The consumer rights organisation foodwatch has ordered a ban on so-called "energy shot" drinks. The little bottles contain caffeine and taurine in exceptionally high concentrations. Both energy shots and standard energy drinks are suspected of causing irregular heart rhythms, cramps, kidney failure, and even death. With the shots, however, the danger of an overdose is especially great.
"For Red Bull and Co., the energy shots are big business, especially with adolescents. For consumer health, they could pose a grave threat," explained Matthias Wolfschmidt, Head of Campaigns at foodwatch. A 60 ml energy shot contains the same dose as a normal Red Bull can with a concentration of four times the strength. "Scientists warn of possible side effects, especially when combined with sports or alcohol. Despite this, Red Bull is marketing the drinks with popular young extreme sports athletes for its supposed "increased performance". For preventive public health reasons, energy shots have no place in the supermarket and must be banned."
foodwatch demanded an across-the-board ban on "shots". In addition, standard energy drinks should bear clear warning labels and customers must be 18 years of age to purchase them.
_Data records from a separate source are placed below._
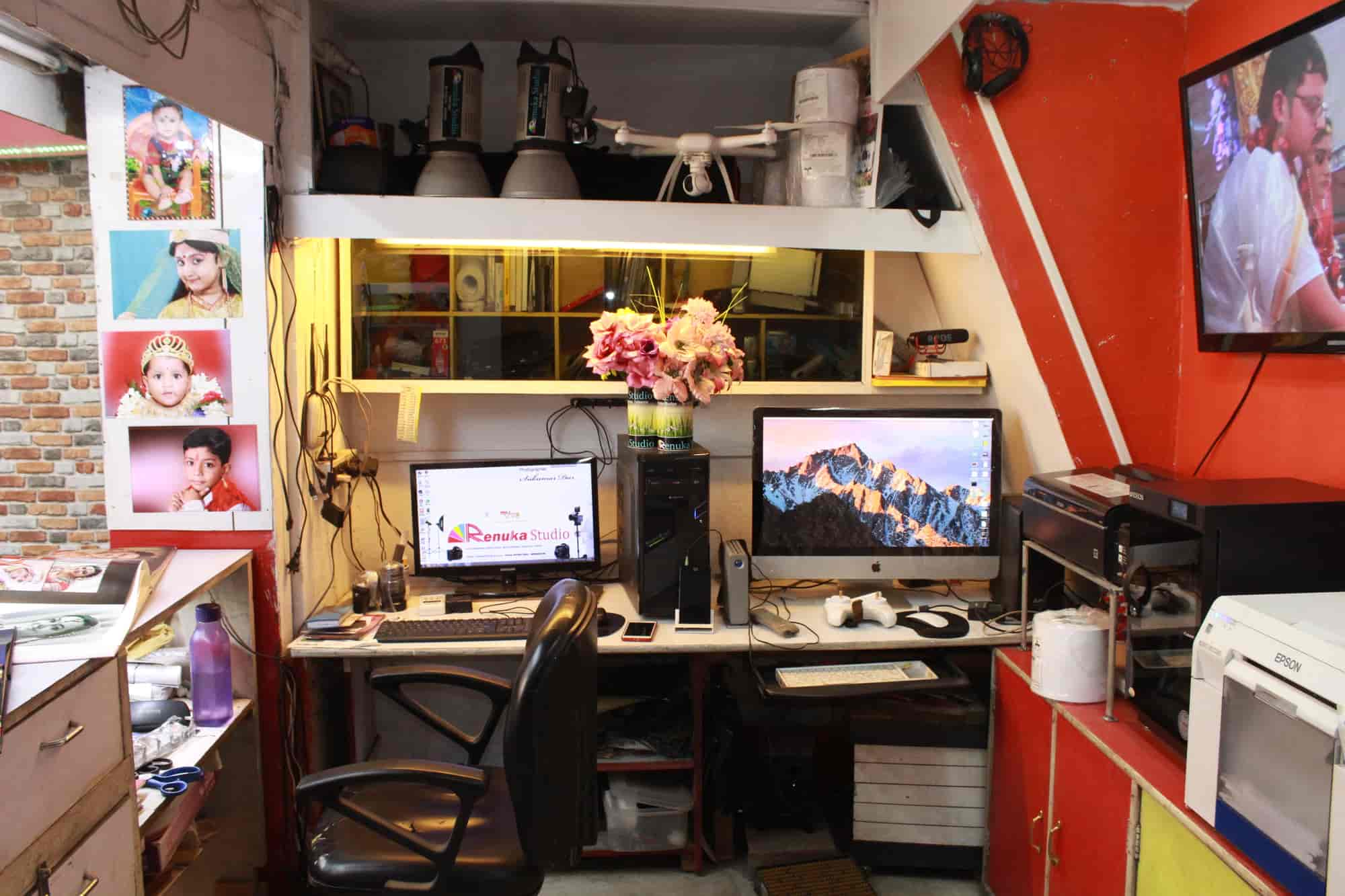 Renuka Studio image 2
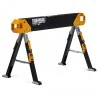 SOPORTE CABALLETE MESA DE TRABAJO TBC650 TOUGHBUI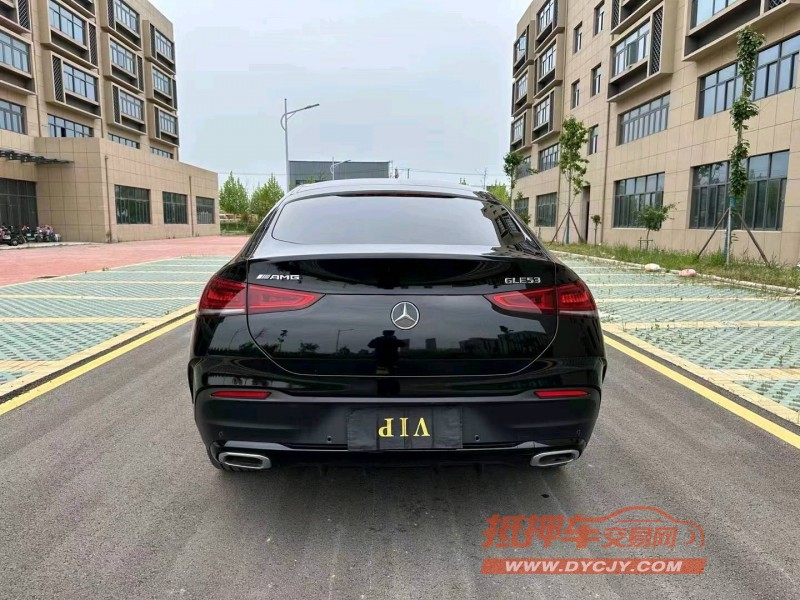 徐州21年奔驰GLE9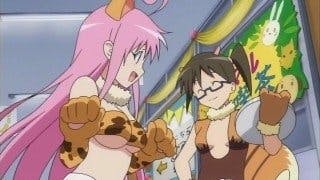To LOVE-Ru - episódio 1x22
In May 2012, the Federal Ministry of Consumer Affairs did actually set maximum limits for the amount of ingredients such as caffeine and taurine that energy drinks can legally contain. However, Red Bull is exploiting a loophole in this regulation by claiming the "shots" to be officially classified as a nutritional supplement. The Red Bull energy shot contains more than four times as much caffeine and taurine per litre than the legal limits for energy drinks.
Energy Shots are rated as "unsafe"
In an investigation for the Federal Ministry of Consumer Affairs in December 2009, the Federal Institute for Risk Assessment (BfR) rated the energy shots as "unsafe" and advocated a ban: Since a warning label on the packaging is not sufficient in preventing overdoses, the scientists recommended that "energy shot products not be permitted to enter the market". In 2012, the French food authority ANSES also warned that the safety of these products could not be guaranteed. Currently, the Food and Drug Administration (FDA) in the USA is determining whether energy drinks were responsible for a number of deaths. High levels of caffeine are not the only problem. Health risks are also suspected due to the interaction with the highly concentrated additive taurine and with accompanying alcohol use.
German Consumer Affairs Minister apparently sees no need for action
At foodwatch's request, the BfR reaffirmed its critical position regarding the products in January 2013, but backed down on its original demand for a ban, instead recommending only "appropriate warning labels on the packaging".
foodwatch expert Matthias Wolfschmidt: "In 2009 the actions recommended by federal risk assessors to consumer affairs minister Ilse Aigner were very clear: ban energy shots. But for three years, Miss Aigner chose to simply ignore the results of the scientific investigation that she herself ordered, even though she does not require Brussels's approval to take action in cases of imminent concern for public health. Without explanation, the Federal Institute for Risk Assessment has suddenly changed its position on the ban and politicians remain idle. Even as federal health authorities in the USA investigate the role energy shots may have played in recent deaths, the German Consumer Affairs Minister apparently sees no need for action.“
According to the European Food Safety Authority (EFSA), one in three adults consumes energy drinks and the figures are much higher for children and adolescents: 68 percent of teenagers consume the drinks. Of those, 12 percent are "high chronic consumers" (at least four times a week) and 12 percent are "high acute consumers" (more than one litre per use).